For almost 20 years, New Zealand winter season has been the perfect time to visit family in Italy and lie on the beach. But for the past few years, we have decided to turn to our childhood winter activity: skiing. As last year, we planned to drive down to the deep south (from Auckland), instead of flying. Four days to reach our favourite winter destination, Wanaka, and discovering some new exciting parts of NZ along the way.
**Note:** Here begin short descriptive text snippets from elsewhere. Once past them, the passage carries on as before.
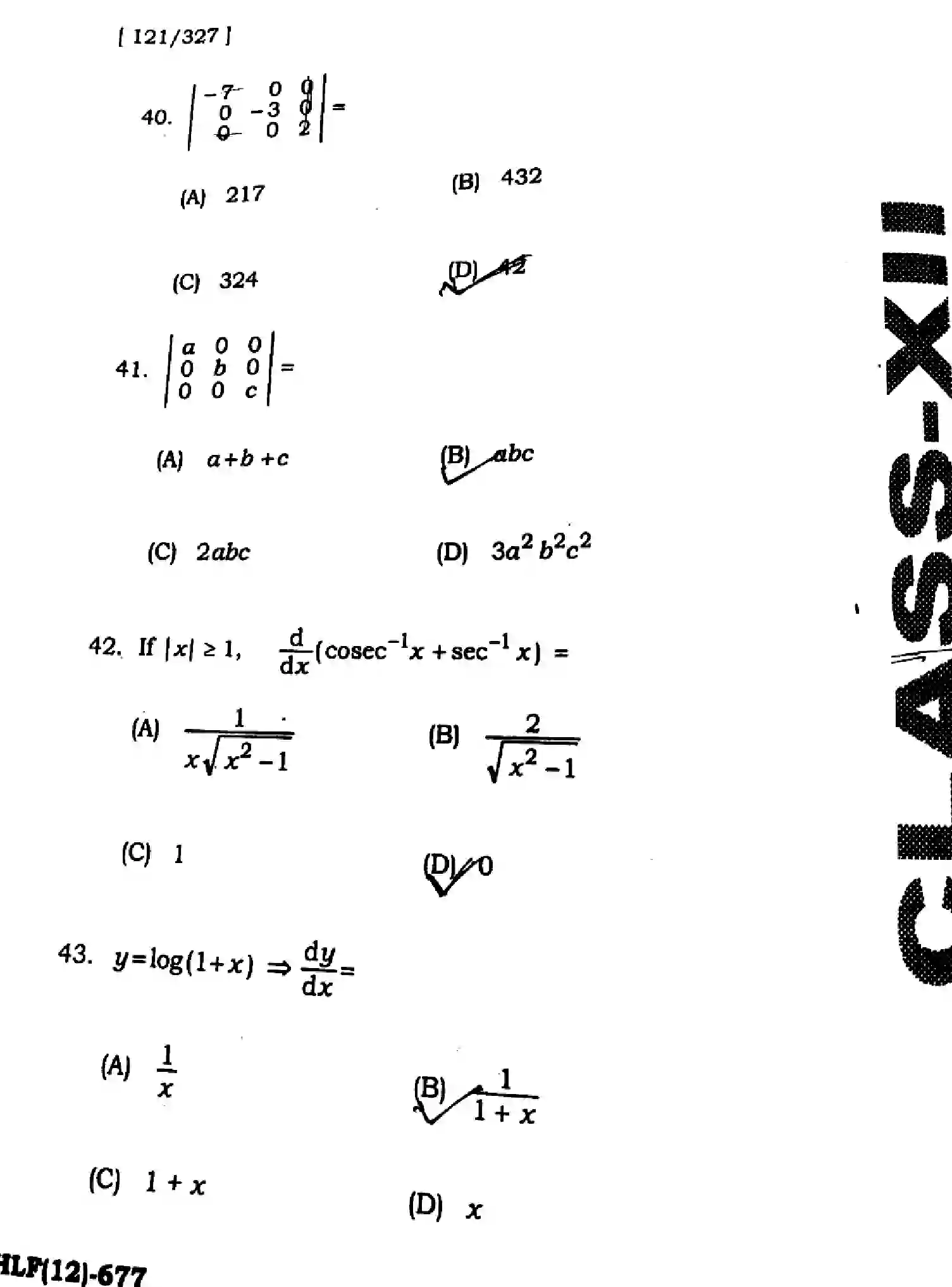 Bihar Board Class 12 2025 HY-MATHEMATICS-121-327-SEP Half Yearly - Page 18
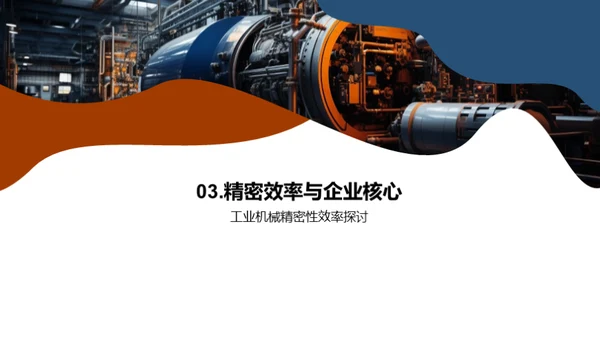 工业机械与企业文化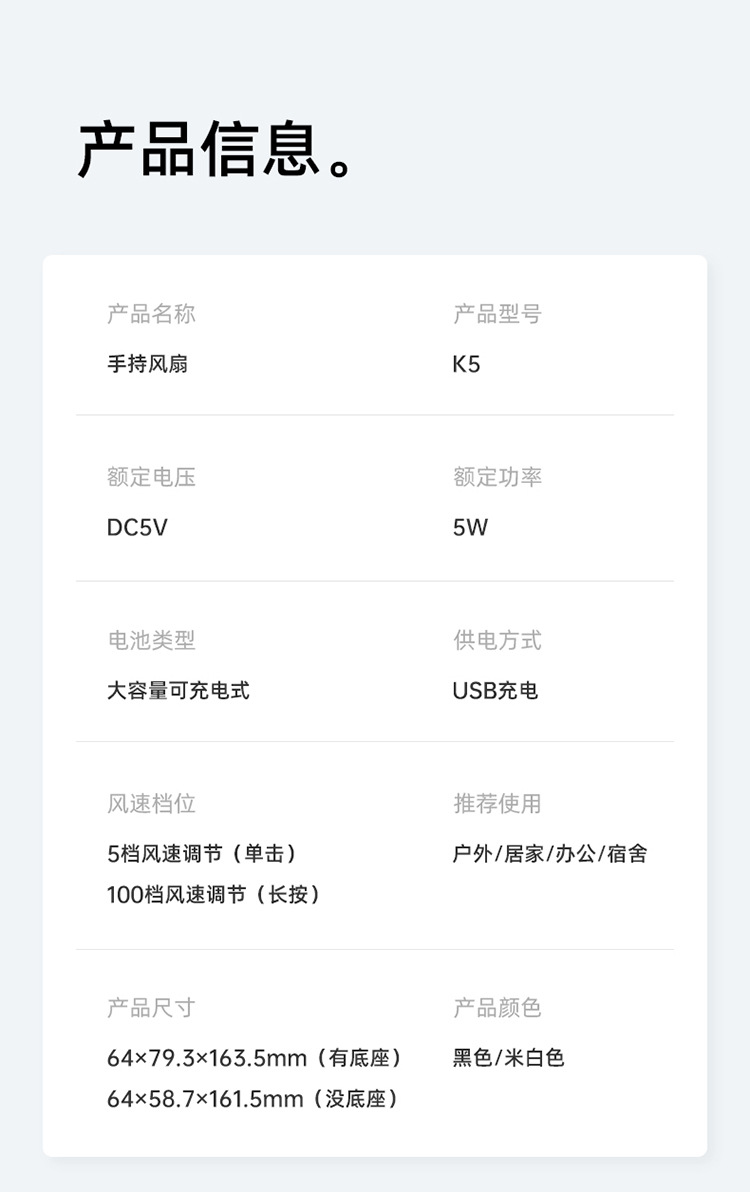 新款高速节能强力劲风手持风扇迷你便携式充电数显跨境小风扇礼品M141详情19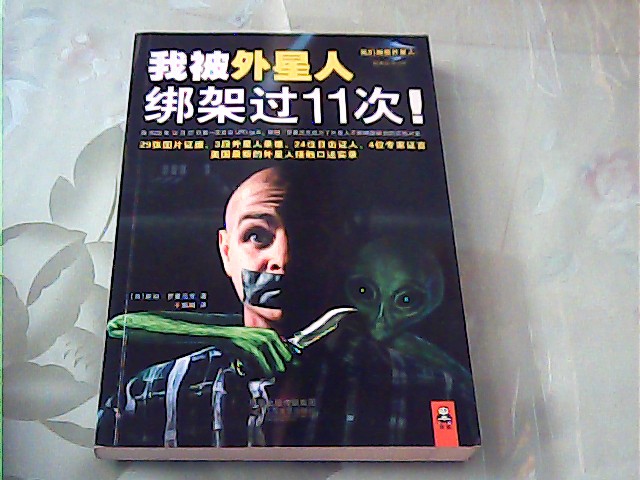 我被外星人绑架过11次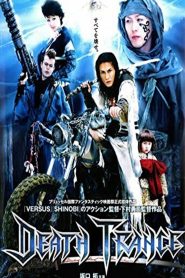 デス・トランス Online In Netflix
Activities for our first day included strolling along the incredibly clear water at the blue springs, at Putaruru, and the Redwood Treewalk at night in Rotorua. Suspended high above the forest floor, we walked across bridges and platforms, illuminated by floating lanterns designed by sustainability champion David Trubridge.
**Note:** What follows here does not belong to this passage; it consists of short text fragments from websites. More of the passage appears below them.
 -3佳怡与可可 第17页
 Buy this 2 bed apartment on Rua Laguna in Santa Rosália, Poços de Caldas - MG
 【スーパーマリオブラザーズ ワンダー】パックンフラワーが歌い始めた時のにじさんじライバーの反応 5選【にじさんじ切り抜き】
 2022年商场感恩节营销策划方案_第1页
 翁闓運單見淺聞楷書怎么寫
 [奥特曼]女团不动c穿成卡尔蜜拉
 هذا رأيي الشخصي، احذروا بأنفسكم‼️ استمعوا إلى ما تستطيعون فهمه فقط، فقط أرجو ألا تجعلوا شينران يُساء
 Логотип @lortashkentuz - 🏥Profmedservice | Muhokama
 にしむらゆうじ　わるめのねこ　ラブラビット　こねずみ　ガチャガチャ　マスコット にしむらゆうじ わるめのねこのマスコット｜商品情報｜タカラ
The morning after, heavy rain along the desert road prevented us to appreciate the view of the majestic volcanoes of the Central Plateau, but as our ferry entered the Queen Charlotte Sound, we were welcomed by jumping dolphins and we were rewarded with a picture perfect; colourful and clear sunset. South Island was welcoming us.
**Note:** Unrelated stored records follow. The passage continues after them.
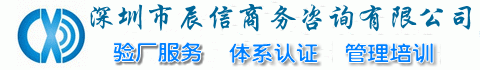 深圳市辰信商务咨询有限公司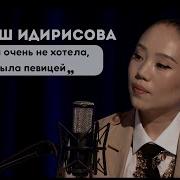 Жийдеш Идирисова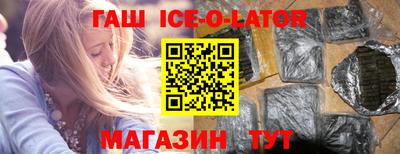 гашик Гатчина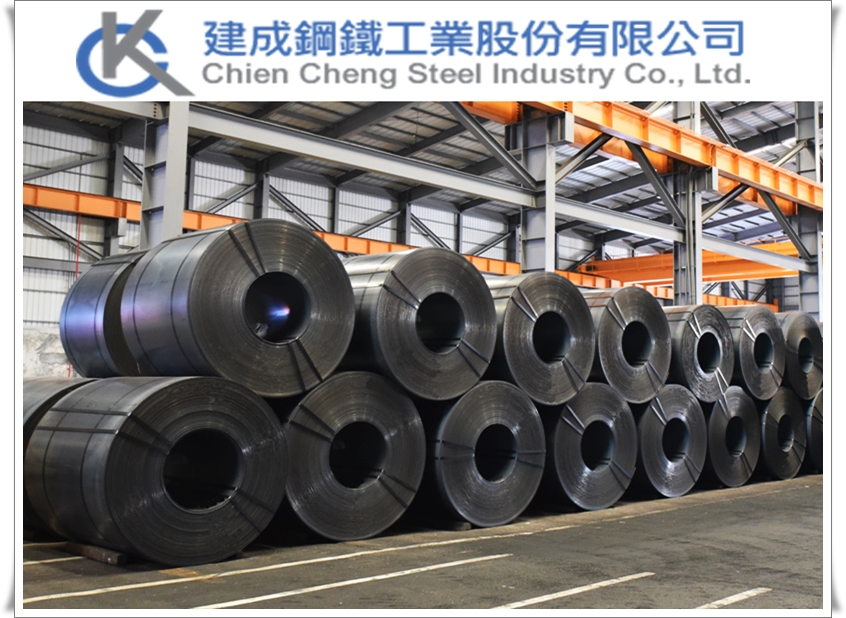 建成鋼鐵工業股份有限公司-角鋼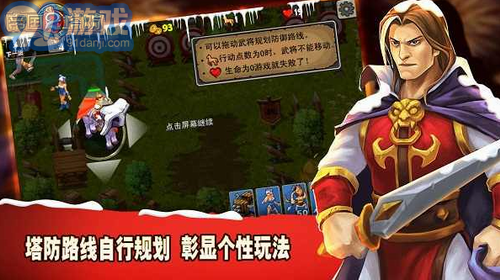 帝国塔防2中文版v3.0.5截图1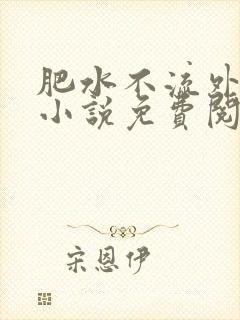 肥水不流外人田小说免费阅读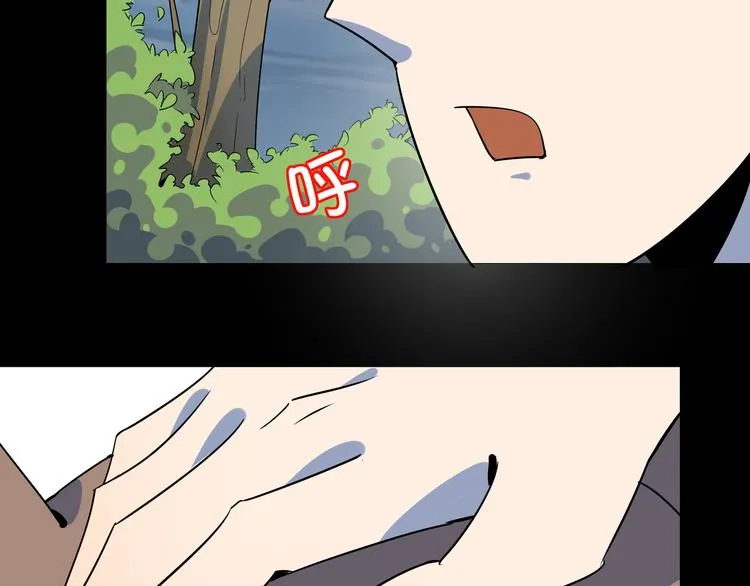 第43话 责任的背后是荣耀 第20页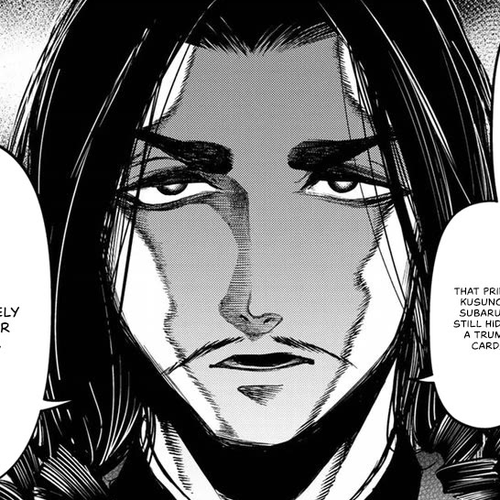 Shoukoku no Altair Gaiden - Toukoku no Subaru Chapter 27 cover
The ocean road from Picton to Kaikoura was beaming with wild life. Marveling at the close encounter with the noisy, clumsy, smelly but nevertheless intriguing seals was a highlight. The fresh crayfish served at the roadside beach caravan was the perfect lunch spot.
Day four is the final leg, Christchurch to Wanaka. As we drove across the passes, the excitement escalated. Lunch on this day was at the ‘Fairlie Bakehouse’ to eat only the best pie in the South Canterbury region. It would be rude not to take a brief stop at Tekapo to admire the unreal colour of the lake. This is also the first encounter with the smell of snow and the vastity of the Mackenzie country.
The arrival to Wanaka feels like a warm welcome back to what we consider our winter home. Last year we have spent 3 entire months here and this has allowed us to live the town and its surrounding as the locals do. Adam and Eve’s breakfast croissants, the espresso at the Coffee Shack, the relaxed lunch at Federal diner, the fresh beer after a rewarding day of skiing at Treble Cone… But our favourite experience remains the freshly baked scones paired with a glass of mulled wine at the ‘Wineglass café’ of the Edgewater resort.
Mulled wine, vin brule’ in Italian, is very popular in almost every town of the Italian Alps and is part of my childhood memories. Although I never really drink it in Auckland, I have brought the recipes with me from Bormio, the ski area I used to go as a child in the Valtellina region.
– 1 litre of full-bodied red wine (the Italian Primitivo is my fave but Syrah works well)
– 7 cloves
– 2 cinnamon sticks
– 3 aniseed
– 1 lemon (for the zest)
– 1 orange
– A pinch of grated nutmeg
– 3/4 cup sugar
In a wide but low saucepan place the sugar, grated lemon rind, sliced orange, spices and then pour the wine. Bring the wine slowly to boiling point, stirring continuously.
Shortly before the boiling point, remove the pot from the stove and let it stand for approx. 2 hours or overnight so that the spices can infuse. Strain the spices, reheat and enjoy.